Il segretario Pd di Como

Ma ci sono anche casi che riguardano consiglieri comunali o sindaci di piccoli paesi. «Non aspetto che qualcuno trafughi notizie, né che l’Inps renda noti i nomi, ma preferisco dire subito che, pur essendo sindaco di un piccolo Comune, ho chiesto il bonus da 600 euro come libero professionista». Federico Broggi, segretario provinciale del Pd di Como nonché sindaco di Solbiate con Cagno – comune di circa 4.000 abitanti – non ha aspettato che fosse qualcun altro a fare il suo nome, ammettendo di aver percepito il bonus.

Broggi ha però spiegato di non averlo fatto «per rubare qualcosa, ma per un semplice e chiaro motivo: dopo l’ultima fattura del 26 febbraio, a marzo, aprile e maggio ho fatturato zero con la mia partita Iva». Broggi ha detto di avere chiesto i 600 euro «perché il mio lavoro non è quello del sindaco, ma quello di fare selezione del personale; perché anche oggi sto dedicando più tempo al Comune che al mio vero lavoro; perché nonostante il non fatturato di 3 mesi, tra luglio e ottobre ho giustamente versato e verserò quasi 3.000 euro di contributi e tasse; nonostante tutto ciò, ho continuato a saldare gli impegni presi negli anni precedenti».

Il caso Lamezia Terme

Anche Rosario Piccioni, consigliere comunale di una lista civica a Lamezia Terme, in Calabria, si è fatto avanti con un post pubblicato su Facebook. «Voglio essere trasparente fino all’inverosimile: ho chiesto e ottenuto, così come 142.000 avvocati in Italia, il bonus professionisti legato al Covid-19 semplicemente perché ne avevo diritto e ne avevo bisogno. 600 euro per il mese di marzo e 600 euro per il mese di aprile. E non me ne vergogno: perché di professione faccio l’avvocato e non il politico!!!», ha scritto.

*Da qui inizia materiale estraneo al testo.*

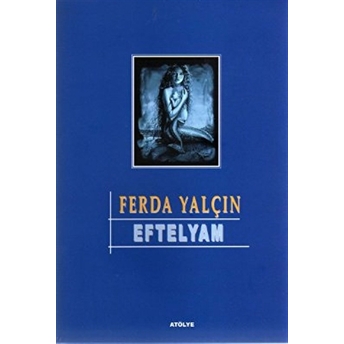 Eftelyam Ferda Yalçın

E ancora: «Lo sanno tutti che anche la giustizia, così come tanti settori, nei mesi di marzo e aprile è stata completamente paralizzata e noi avvocati non abbiamo lavorato: non abbiamo svolto cause e non abbiamo potuto ricevere clienti». Piccioni è stato sconfitto alle comunali dello scorso anno, dopo essersi candidato alle amministrative col sostegno di due liste civiche vicine alla sinistra.

La consigliera di Milano

C’è poi Anita Pirovano, consigliera comunale a Milano per Milano Progressista. Anche lei in queste ore ha scelto la via dell’autodenuncia scrivendo un comunicato pubblico su Facebook. «Mi autodenuncio», ha detto. «Non vivo di politica perché non voglio e non potrei. Non potrei perché ho un mutuo, faccio la spesa, mantengo mia figlia e ogni tanto mi piace uscire e durante le ferie andare in vacanza. Infine e soprattutto pur non cedendo alle sirene antipolitiche ho capito sulla mia pelle che avere un lavoro (nel mio caso più d’uno in regime di lavoro autonomo) mi consente di essere “più libera” nell’impegno politico presente e ancora più nelle scelte sul futuro, per definizione incerto».

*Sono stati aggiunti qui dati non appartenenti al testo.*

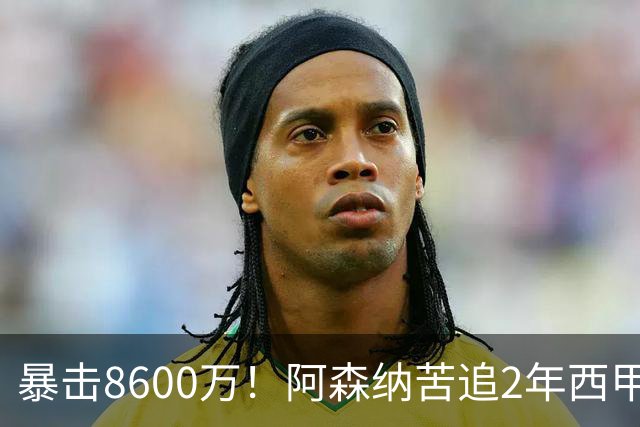 暴击8600万！阿森纳苦追2年西甲飞翼松口，英超三强疯抢悬念拉满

Raggiunta per un’intervista da Radio Capital, si è giustificata dicendo: «Non ho sbagliato, lavoro da psicologa ed è la mia attività principale, e avendo avuto come tutti una situazione di difficoltà in questi mesi ho chiesto di accedere a una misura che esisteva», dice. «Se fossi stata ricca non l’avrei chiesto. Siccome come la maggior parte degli italiani vivevo una situazione di difficoltà in quei mesi, ho pensato che come tutti i lavoratori potevo chiedere di accedere alla pari degli altri a una misura di ammortizzatore sociale», ha concluso.